### Collected data
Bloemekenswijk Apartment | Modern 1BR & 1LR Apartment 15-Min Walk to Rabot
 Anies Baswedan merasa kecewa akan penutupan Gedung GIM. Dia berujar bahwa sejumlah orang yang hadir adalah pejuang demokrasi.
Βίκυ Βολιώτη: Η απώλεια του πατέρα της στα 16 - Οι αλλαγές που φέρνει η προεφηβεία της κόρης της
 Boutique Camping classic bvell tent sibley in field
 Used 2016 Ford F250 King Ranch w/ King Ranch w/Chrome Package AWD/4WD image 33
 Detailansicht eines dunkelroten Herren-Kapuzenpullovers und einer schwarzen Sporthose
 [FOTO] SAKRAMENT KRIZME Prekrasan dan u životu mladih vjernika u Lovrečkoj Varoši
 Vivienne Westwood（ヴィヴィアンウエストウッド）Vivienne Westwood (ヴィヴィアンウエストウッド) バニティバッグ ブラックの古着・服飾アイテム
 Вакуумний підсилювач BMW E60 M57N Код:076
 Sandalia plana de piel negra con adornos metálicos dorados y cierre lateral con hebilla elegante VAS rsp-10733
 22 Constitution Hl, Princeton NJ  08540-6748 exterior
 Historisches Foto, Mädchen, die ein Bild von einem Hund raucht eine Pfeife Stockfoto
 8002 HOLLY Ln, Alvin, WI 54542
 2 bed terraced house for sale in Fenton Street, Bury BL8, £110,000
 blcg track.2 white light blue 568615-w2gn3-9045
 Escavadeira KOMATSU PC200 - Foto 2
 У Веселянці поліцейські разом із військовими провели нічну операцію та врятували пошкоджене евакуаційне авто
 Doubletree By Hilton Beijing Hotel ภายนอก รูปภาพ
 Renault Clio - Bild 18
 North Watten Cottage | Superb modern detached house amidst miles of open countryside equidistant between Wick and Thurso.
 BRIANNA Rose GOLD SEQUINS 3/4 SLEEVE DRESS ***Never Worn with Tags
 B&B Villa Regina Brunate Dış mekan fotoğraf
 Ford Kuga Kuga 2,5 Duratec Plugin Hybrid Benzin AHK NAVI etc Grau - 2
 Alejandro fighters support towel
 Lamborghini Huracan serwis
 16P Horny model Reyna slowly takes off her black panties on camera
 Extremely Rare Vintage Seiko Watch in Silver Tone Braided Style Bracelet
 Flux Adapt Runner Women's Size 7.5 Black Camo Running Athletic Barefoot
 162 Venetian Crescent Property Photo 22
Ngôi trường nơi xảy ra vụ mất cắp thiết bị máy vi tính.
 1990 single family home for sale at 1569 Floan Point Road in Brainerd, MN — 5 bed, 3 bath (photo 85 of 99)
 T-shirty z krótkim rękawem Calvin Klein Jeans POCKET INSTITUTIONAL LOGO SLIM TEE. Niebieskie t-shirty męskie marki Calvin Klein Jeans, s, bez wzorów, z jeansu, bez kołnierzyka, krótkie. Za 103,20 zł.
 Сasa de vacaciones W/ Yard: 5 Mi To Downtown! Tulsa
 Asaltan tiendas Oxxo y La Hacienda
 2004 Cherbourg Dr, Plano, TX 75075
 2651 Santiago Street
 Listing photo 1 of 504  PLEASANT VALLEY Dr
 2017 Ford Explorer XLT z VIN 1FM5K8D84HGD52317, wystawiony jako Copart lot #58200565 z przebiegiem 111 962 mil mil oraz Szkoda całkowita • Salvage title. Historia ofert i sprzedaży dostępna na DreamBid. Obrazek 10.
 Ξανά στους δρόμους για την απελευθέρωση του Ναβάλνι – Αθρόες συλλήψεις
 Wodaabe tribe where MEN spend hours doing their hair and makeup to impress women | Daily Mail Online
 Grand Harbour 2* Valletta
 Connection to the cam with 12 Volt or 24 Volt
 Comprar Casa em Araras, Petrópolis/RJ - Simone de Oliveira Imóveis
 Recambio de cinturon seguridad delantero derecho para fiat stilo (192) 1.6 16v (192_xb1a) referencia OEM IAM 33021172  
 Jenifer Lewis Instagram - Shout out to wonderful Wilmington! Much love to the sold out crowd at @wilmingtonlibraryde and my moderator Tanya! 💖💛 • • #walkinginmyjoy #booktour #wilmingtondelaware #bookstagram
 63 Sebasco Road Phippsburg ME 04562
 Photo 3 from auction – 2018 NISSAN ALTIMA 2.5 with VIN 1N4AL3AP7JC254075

### ACTIVITY
All lines carrying the word "house" must be copied from the data above.

### EXPECTED ANSWER
 2 bed terraced house for sale in Fenton Street, Bury BL8, £110,000
 North Watten Cottage | Superb modern detached house amidst miles of open countryside equidistant between Wick and Thurso.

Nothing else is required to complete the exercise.